Ini bangku Rasyid, namanya Anna.
Ku
letakkan gitar akustik di atas Bangku sembari memandangi Gadis yang menuntun
anak perempuan kami masuk ke dalam rumah. Anak kecil itu…selalu saja memaksaku mendongeng
sambil bernyanyi setiap sore di halaman belakang rumah kami, untuk kemudian menyeret
aku dan istriku ke dalam imajinasinya tentang sekumpulan hewan yang suka
bernyanyi. Selalu saja berhasil mengingatkan aku dan istriku tentang kisah kami
yang aneh tapi nyata. Bagaimana tidak aneh? Setiap hari di dalam kelas, kami sering
mengajak kedua bangku ini dalam percakapan kami, seolah keduanya mendengar dan
menyimpan cerita itu. Dan tak berubah sampai kami sudah beranak satu. Rumusnya
selalu sama: Siapkan dua bangku ini dan makanan ringan, boleh juga di tambah
kopi atau teh, maka aku siap mendengarkan segala celotehannya, sebagaimana ia
mendengar celotahanku. Meski kadang kami tak mengerti. Sama saja.
Semua
cerita kami ada di dalam dua bangku sekolah ini. Sudah pasti terjaga
keamanannya. Karena bangku tak perlu kunci kombinasi; kecuali kamu
memiliki
tingkat khayal luar biasa seperti…ya, seperti anak perempuan kami. Anak
kecil yang
setiap sore kami beri secangkir musik akustik manis untuk diminumnya
bagian demi bagian. Musik manis tak akan membuatnya diabetes. Anak
perempuan kami yang centil dan berpipi semerah apel.

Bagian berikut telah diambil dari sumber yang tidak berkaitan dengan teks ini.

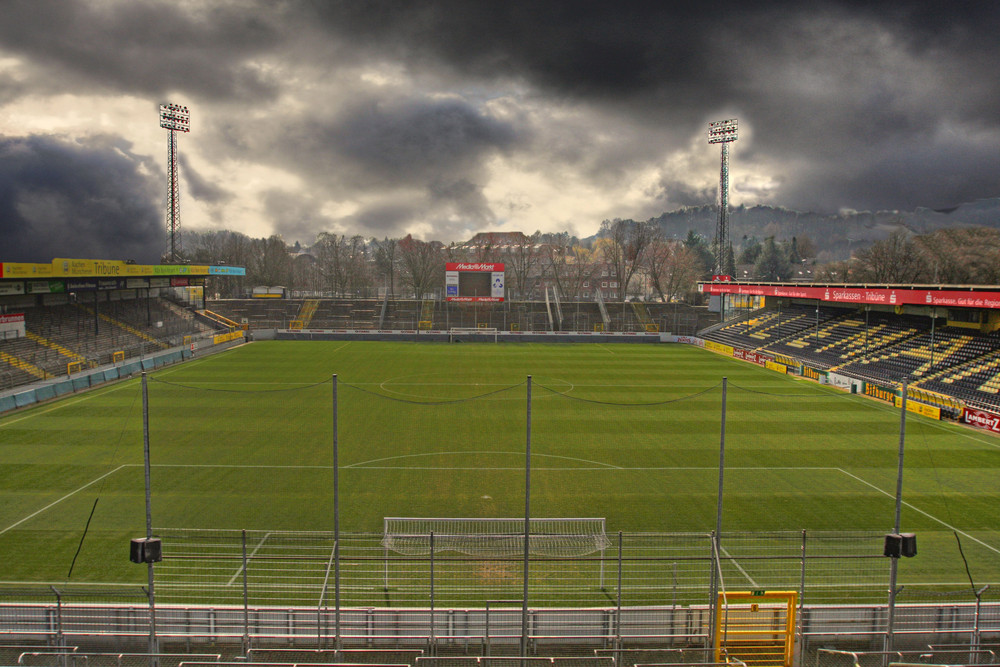 dunkle Wolken über dem "Hexenkessel" Aachener Tivoli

Sebelum aku akhiri
cerita hari ini, izinkan aku untuk memperkenalkan buah hati kami,
namanya Gadis Rasyid.
*Syair pertama yang
bercetak tebal: The Elephant’s
Child (1902) karya Rudyard Kipling
**Syair kedua yang bercetak tebal: Kucandui Mulutmu, Suaramu, Rambutmu
karya Pablo Neruda
***Syair ketiga yang bercetak tebal: Buat Gadis Rasyid karya Chairil Anwar
Dibentuk dari Chairil Anwar,
Sjuman Djaya, Sigmund Freud, Syd Barrett, James Doughlas Morrison, dan
Anak-anak. Dan mimpi saya kemarin malam.